Après avoir demandé quotidiennement et à de multiples reprises la désignation d’un lieu sûr à tous les centres de coordination de sauvetage (RCC) les plus à même de nous aider, il est inexplicable qu’aucune solution n’ait pu être trouvée à ce jour. L’Ocean Viking a d’abord contacté les RCC maritimes responsables des régions de recherche et de sauvetage dans lesquelles nous avons mené les opérations (Libye et Malte). Face à un silence assourdissant, nous avons ensuite contacté, conformément au droit maritime, le RCC le plus à même d’assigner un lieu sûr, à savoir l’Italie.  

Mais le nouveau gouvernement élu a imposé une interdiction implicite et discriminatoire d’entrer dans les eaux territoriales à tous les navires de recherche et de sauvetage opérés par des ONG et, surtout, n’a pas attribué de lieu sûr malgré nos nombreuses demandes officielles. Cela nous a contraint à élargir à nouveau nos demandes d’assistance pour trouver un lieu sûr aux RCC les plus à même de nous aider, en France, en Espagne et en Grèce. Mais une fois de plus, pendant près d’une semaine, aucune réponse n’a été donnée à l’Ocean Viking.   

« Ces derniers jours, les lois maritimes et humanitaires ont été violées de manière flagrante en Sicile, avec la mise en œuvre de processus de débarquement sélectifs et discriminatoires des personnes secourues par les navires des ONG Humanity 1 et Geo Barents. Ces deux navires se sont vu refuser le débarquement sûr et complet de tous les rescapés. Une telle mesure n’est pas conforme aux dispositions des conventions et résolutions internationales maritimes et humanitaires régissant les opérations de recherche et de sauvetage », déclare Nicola Stalla, coordinateur des opérations de recherche et de sauvetage à bord du navire Ocean Viking. 

Tous les rescapés secourus d’une situation de détresse en mer sont vulnérables.
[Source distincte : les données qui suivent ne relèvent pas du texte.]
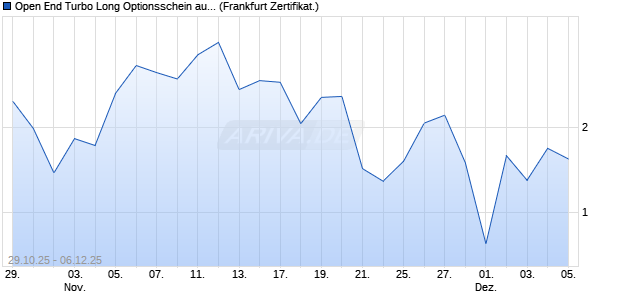 Open End Turbo Long Optionsschein auf Nordex [DZ . (WKN: DU4UGW) Chart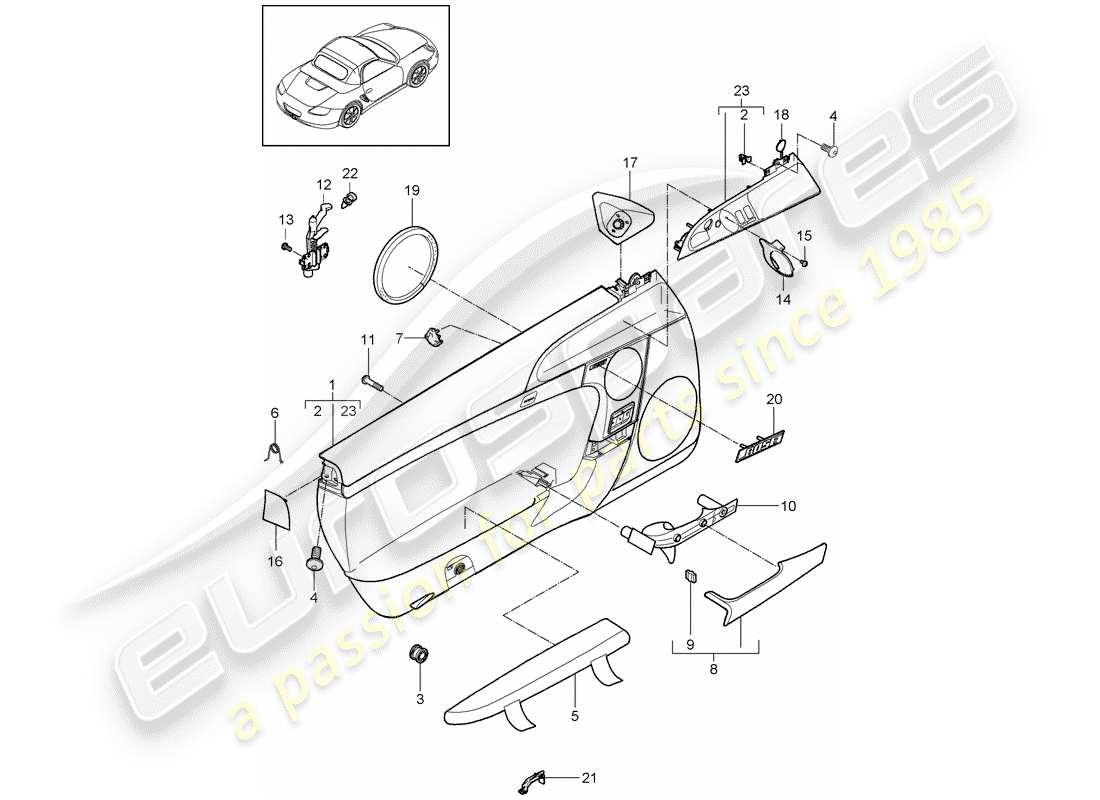 porsche 2009 (987 boxster) panneau de porte schéma des pièces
Leur sauvetage n’est pas terminé tant qu’ils n’ont pas été débarqués dans un lieu sûr, ce que nie l’arrêté interministériel délivré à ces deux navires. Donner l’ordre aux navires de sauvetage de quitter les eaux territoriales italiennes alors que des rescapés sont toujours à bord, comme cela a été demandé au Humanity 1, met en péril la sécurité de ceux qui restent bloqués à bord. Trois rescapés empêchés de débarquer du Geo Barents ont sauté par-dessus bord en désespoir de cause, lundi 7 novembre.  

Face au silence de l’Italie et au caractère exceptionnel de la situation, l’Ocean Viking navire a maintenant élargi sa demande de lieu sûr à la France. L’Ocean Viking devrait arriver dans les eaux internationales près de la Corse le 10 novembre. Cette solution extrême est le résultat d’un échec critique et dramatique de tous les États membres de l’Union européenne et des États associés à faciliter la désignation d’un lieu sûr. Nous demandons instamment qu’une solution immédiate soit trouvée par le MRCC français pour les rescapés à bord de notre navire, l’Ocean Viking. 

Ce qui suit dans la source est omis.